PROVIDED RECORDS –

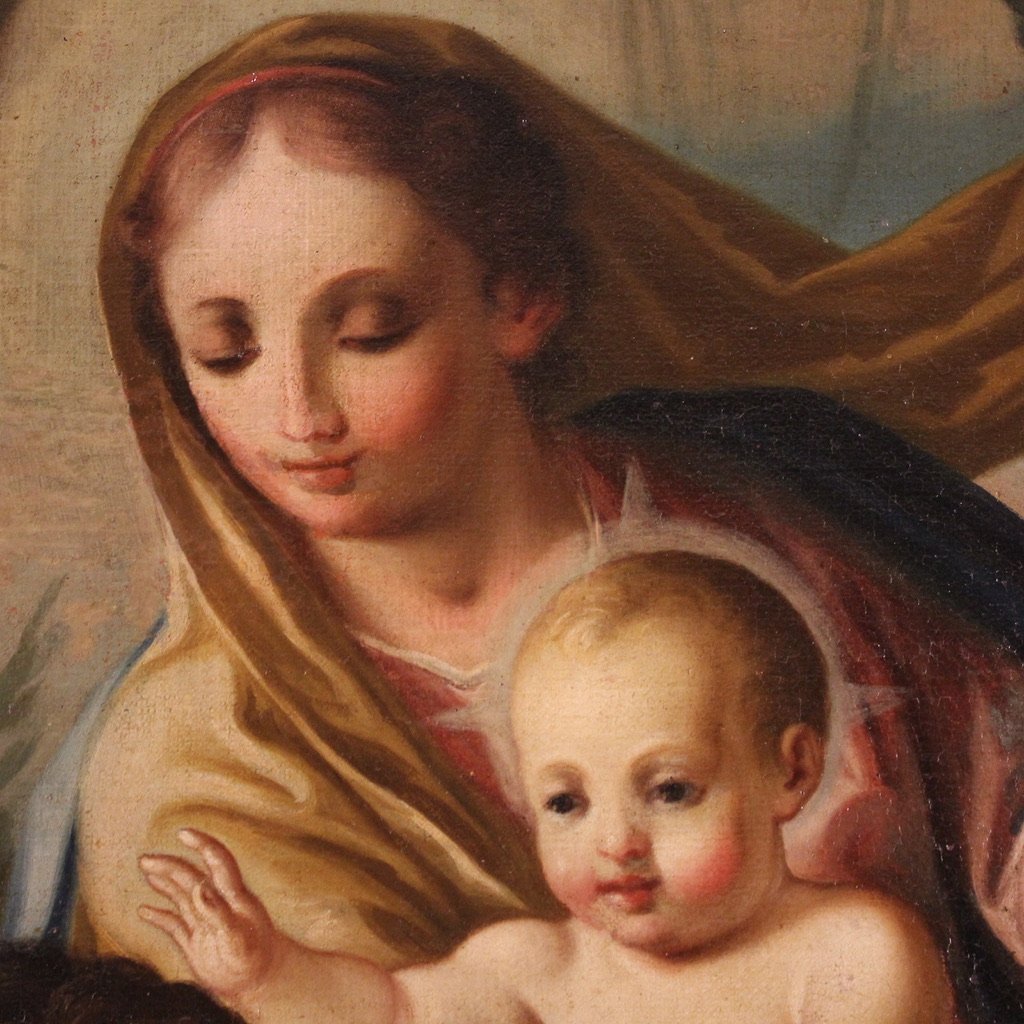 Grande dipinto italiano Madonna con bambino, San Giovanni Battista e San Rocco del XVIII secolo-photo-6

==

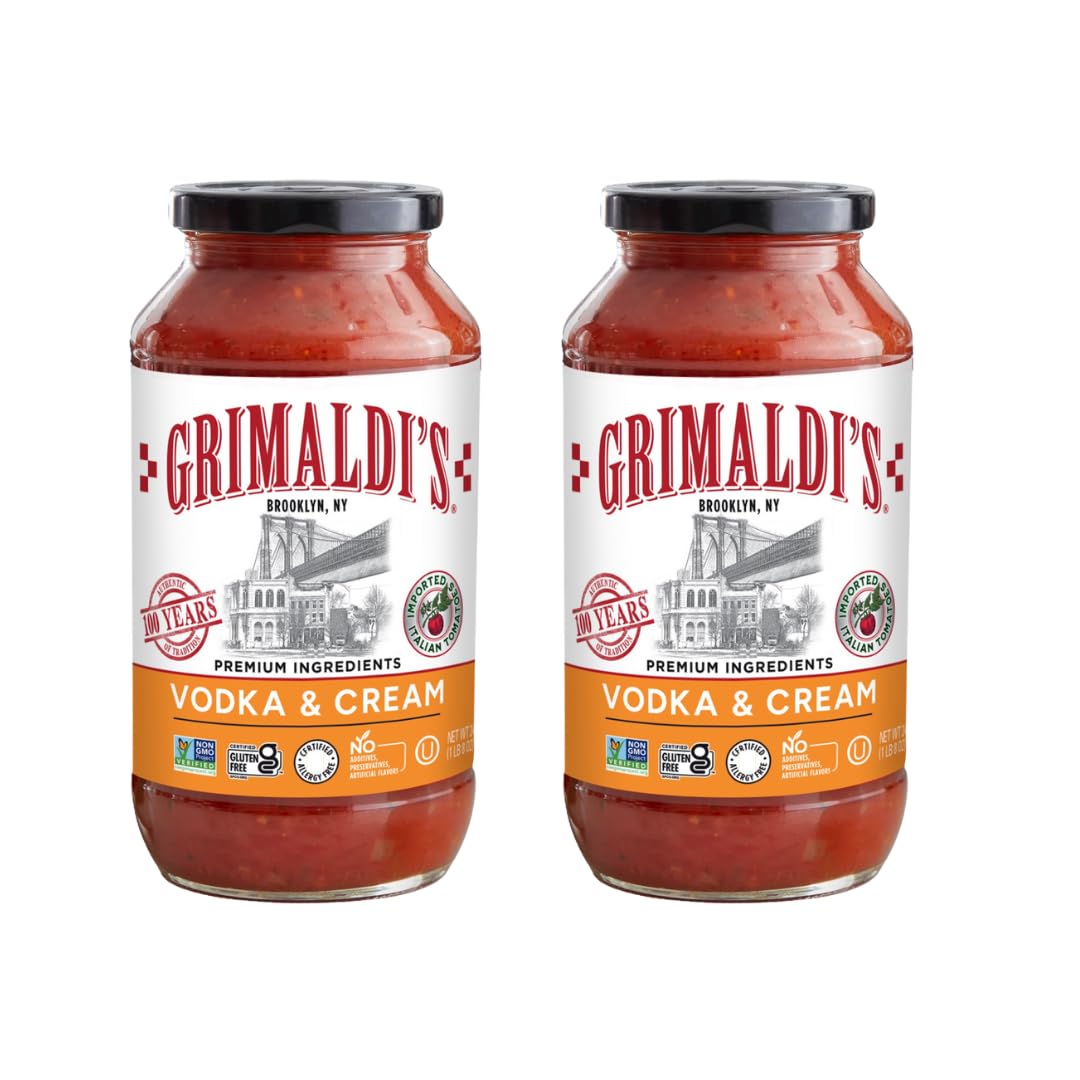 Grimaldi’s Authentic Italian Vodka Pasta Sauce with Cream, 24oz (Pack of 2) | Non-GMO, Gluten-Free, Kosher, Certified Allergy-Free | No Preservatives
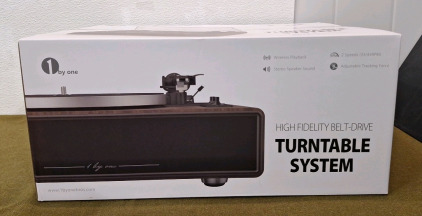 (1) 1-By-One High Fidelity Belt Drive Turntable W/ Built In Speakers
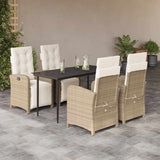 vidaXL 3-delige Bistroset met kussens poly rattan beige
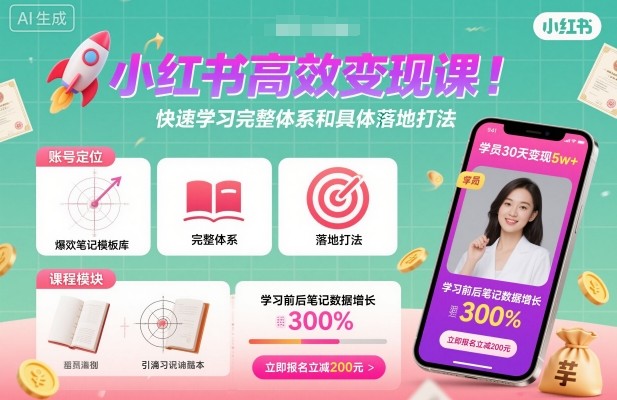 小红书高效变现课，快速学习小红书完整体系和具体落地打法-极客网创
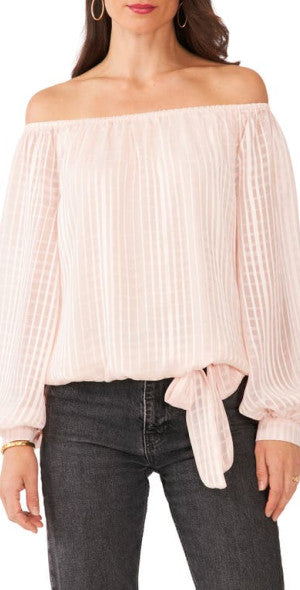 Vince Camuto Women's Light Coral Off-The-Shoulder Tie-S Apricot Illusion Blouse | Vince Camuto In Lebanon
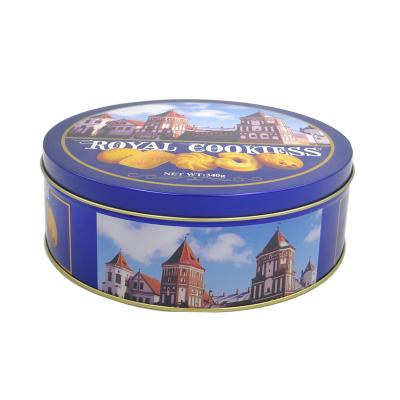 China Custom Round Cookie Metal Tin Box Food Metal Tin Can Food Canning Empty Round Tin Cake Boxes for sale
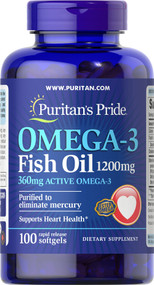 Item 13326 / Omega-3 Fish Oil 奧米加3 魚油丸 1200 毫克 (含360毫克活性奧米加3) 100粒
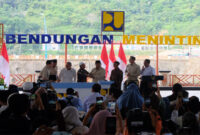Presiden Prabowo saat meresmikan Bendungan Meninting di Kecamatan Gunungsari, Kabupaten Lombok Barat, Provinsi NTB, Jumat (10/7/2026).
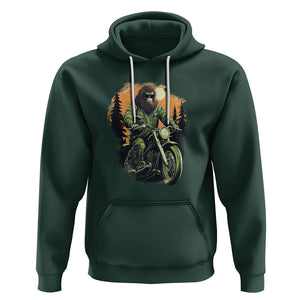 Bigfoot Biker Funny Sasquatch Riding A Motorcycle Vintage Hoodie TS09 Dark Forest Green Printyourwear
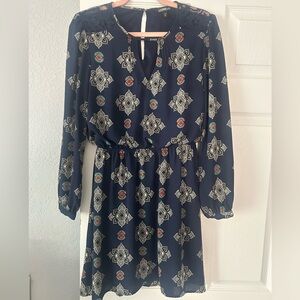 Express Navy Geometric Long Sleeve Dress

EXERCISE DESCRIPTION – The lines to reproduce run from the one above containing "Bigfoot Biker Funny" through the one containing "Express Navy Geometric Long Sleeve Dress". Copy them exactly and leave out all pictures.

ANSWER BOX –
 Bigfoot Biker Funny Sasquatch Riding A Motorcycle Vintage Hoodie TS09 Dark Forest Green Printyourwear
 Express Navy Geometric Long Sleeve Dress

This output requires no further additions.